- Born: 8 June 1736 St Martin in the Fields
- Died: after 1786
- Known for: Acting and singing
- Spouse(s): Joseph Vernon (annulled) Mr Thompson
- Partner: Charles Bannister

= Jane Poitier =

British singer and dancer

Jane Poitier (8 June 1736 - after 1786) was a British singer and dancer. She started out as a dancer but became a singer of main parts. She was known for appearing saucily dressed. She was an innocent party in a marriage where the clergy involved were transported for fourteen years.

==Life==
Poitier was born in St Martin in the Fields in 1736. Her parents were Clermonde and Michael Poitier. Her father was a professional dancer and by the age of five she and her brother were getting reviews for their precocious dancing in Paris.

She came to national attention after she married a fellow singer, Joseph Vernon. They married at the Savoy Chapel without reading marriage banns. John Wilkinson, the incumbent of the Savoy Chapel, thought that the terms of the Marriage Act 1753, aimed at clandestine marriages, did not apply to his church as it was a royal peculiar. He ignored the act and continued to issue marriage licenses and to conduct marriages. Poitier and Vernon's marriage was the test case taken to court by the authorities.
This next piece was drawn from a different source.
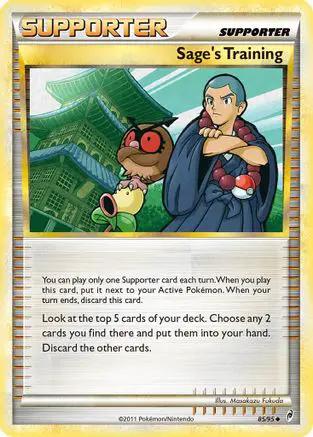 Sage's Training 085/95 - Call of Legends Reverse Holofoil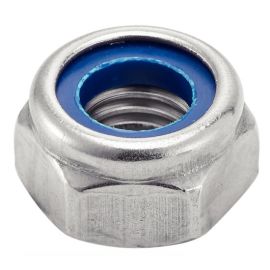 Écrou hexagonal frein indésserrable avec bague nylon inox A2 DIN 985 M10 boîte de 100 - ACTON - 6260210 pas cher Principale M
The prosecution case against the clergy of the Chapel was taken seriously. Wilkinson was sentenced in 1756 to 14 years' transportation. He died, the following year, en route to British North America. The curate John Grierson, who had carried out the marriage, received the same sentence: Vernon had testified at the trial, and consequentially hissed off the stage. He was hissed off in the October and when he appeared again in the following January he was hissed off the stage again. The unpopular Vernon moved to Dublin, where he had further success as an actor. She used the name of Vernon, but in 1762 her "husband" returned and Poitier returned to using her former name. She caused scandal that year when she shocked the royal family in their Covent Garden box with a very low cut gown. She balanced this by tying a shoe on stage and the stalls noticed that she not wearing underwear.

In 1772 the Theatrical Biography said that the bass singer Charles Bannister who was also known as a comedian who worked in the same summer company as her from 1770 to 1774 was her lover.

Her death is not known but she was singing at Bermondsey Spa Gardens in 1786.